Today’s Los Angeles Times – front page, above the fold – has a story titled “Schwarzenegger’s Top Ally Steps In.” The “ally” is, of course, Gov. Schwarzenegger’s wife, Maria Shriver, shown at right consorting with the enemy at last year’s Republican convention.

The Schwarzenegger regime (the Times refers them as his “senior staff” and “campaign team” ) is roiling from what insiders describe as a “dysfunctional” atomsphere and a “civil war” within its upper ranks.

Schwarzenegger is facing infighting among his senior staff and campaign team, which has contributed to a series of political missteps that threaten the once soaring governor’s ambitious agenda, more than a dozen aides and lawmakers said Thursday.

“More than a dozen” aides were quoted?! When that many people are talking with reporters, I think the term “meltdown” is accurate for what’s going on in the Governor’s office.

One sign of the governor’s troubles is the active involvement of his wife, Maria Shriver. The first lady is conferring with consultants to refine the governor’s message and working to ensure that her husband hears a broader range of voices.

Begs the question: Why? If we’re to believe Maria’s various quasi-patronizing quotes over the years about her husband’s right-leaning politics then we can assume that underneath her journalistic objectivity she’s still a Kennedy-style liberal.

Since she’s constantly stepping in to help Arnold out of political jams, further analysis would bring us to the conclusion that whatever her political beliefs are, she’s laying them aside in order to help her husband – and thereby the enemies of liberalism and its tenets of freedom, fair play, privacy and integrity -in the Republican Party. Shriver wades into these frays inside the GOP without batting a lash. This makes her a collaborator of the first order. Beyond that, whatever journalistic bona fides she may have had are forever compromised by these political activities.

Flipping it around, you also have to wonder why the Gop operatives around Arnold – like Mike Murphy, for just one example – would be comfortable having a Kennedy within the inner circle.

But back to the Governor’s problems:

Schwarzenegger is reeling after successive policy reversals, gaffes and clashes with well-organized opponents have deflated his once-buoyant approval ratings. The latest setback came this week when he told a newspaper publishers association that the United States should “close its borders.” He later apologized, explaining that he misspoke because of his imperfect command of English.

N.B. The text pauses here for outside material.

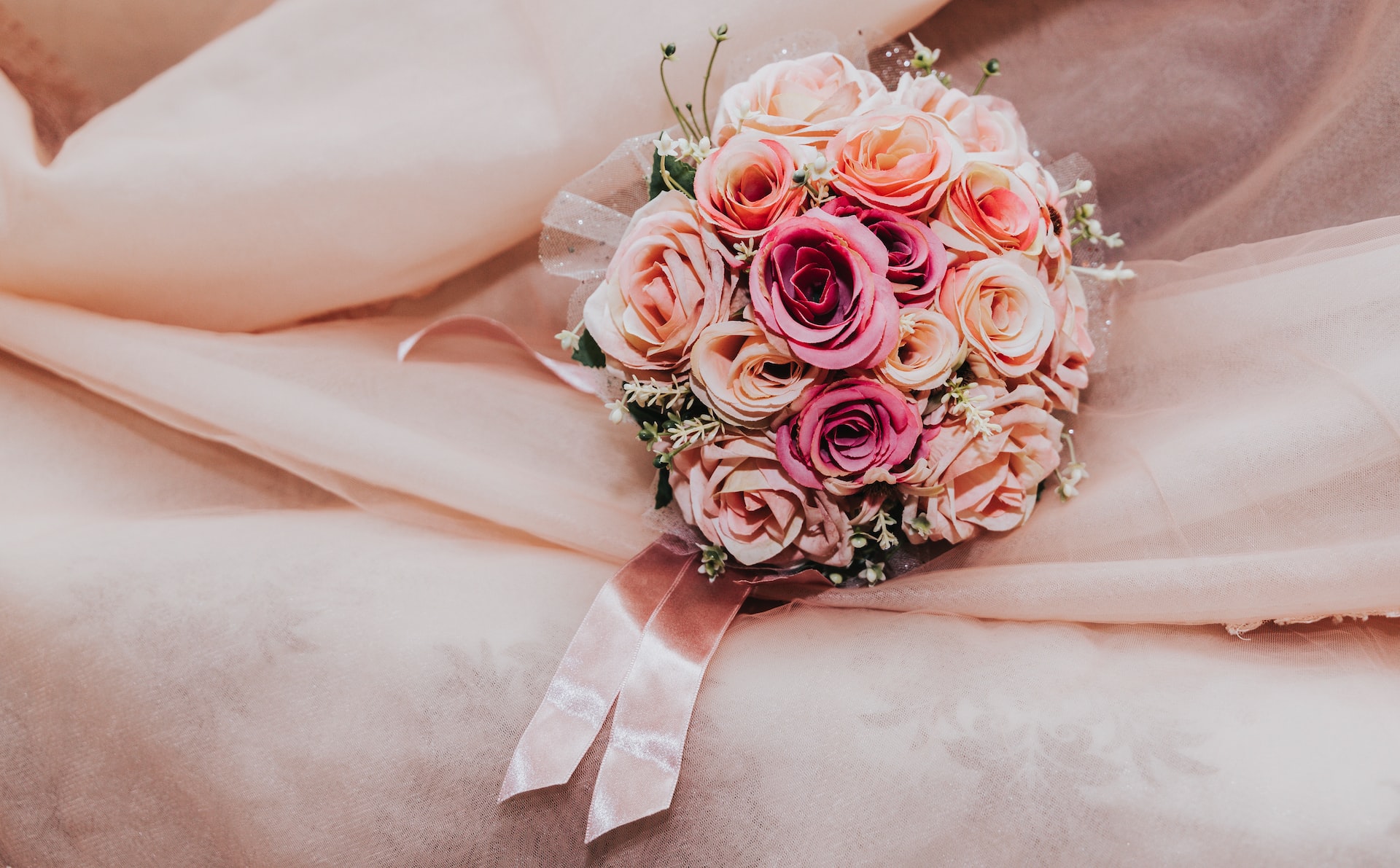 wedding bouquet of pink roses with ribbon on pink cloth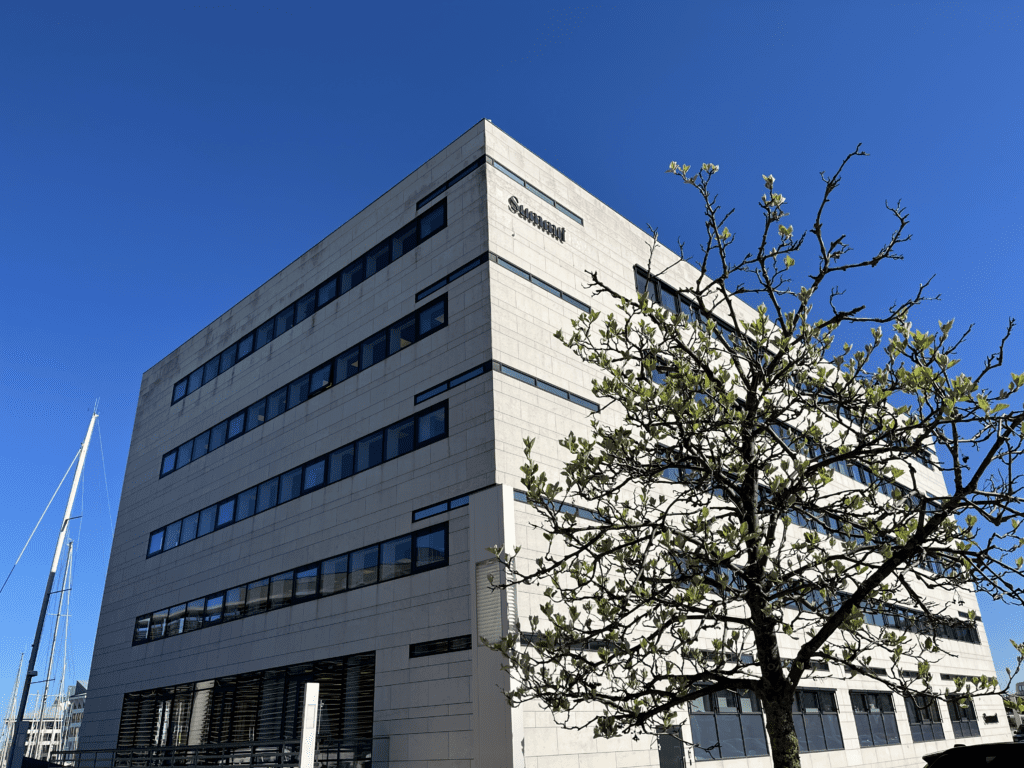 A modern, multi-story building with a light-colored façade and several windows, set against a clear blue sky. In the foreground, there is a tree with budding leaves. A sailboat is partially visible on the left side of the image.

Who are you reminded of when you hear the excuse that Arnold’s “imperfect command of English” caused the gaffe?

If this were happening in, say, April 2006, as Arnold’s campaign for re-election was gearing up, I’d say there was genuine hope that he could be defeated. But, as I noted in a previous rant, Schwarzenegger can communicate with Calfornia voters via a megaphone that no other politician in the state can acces: He can go over the heads of the California television news – which doesn’t cover politics anyway – and go on Oprah, Access Hollywood or other national entertainment outlets – which most Californias do watch. This is how he got elected last time, and it’s almost undoubtedly how he’ll do it next year.

In fact, Shriver is already doing it:

Several people familiar with the governor’s office described Shriver as very “unhappy” and “frustrated” over her husband’s fortunes. Shriver, the niece of former president John F. Kennedy who has intervened before when her husband’s political interests were in jeopardy, is using a national tour promoting her new self-help book for teenage girls to defend her husband, making her case with administration talking points.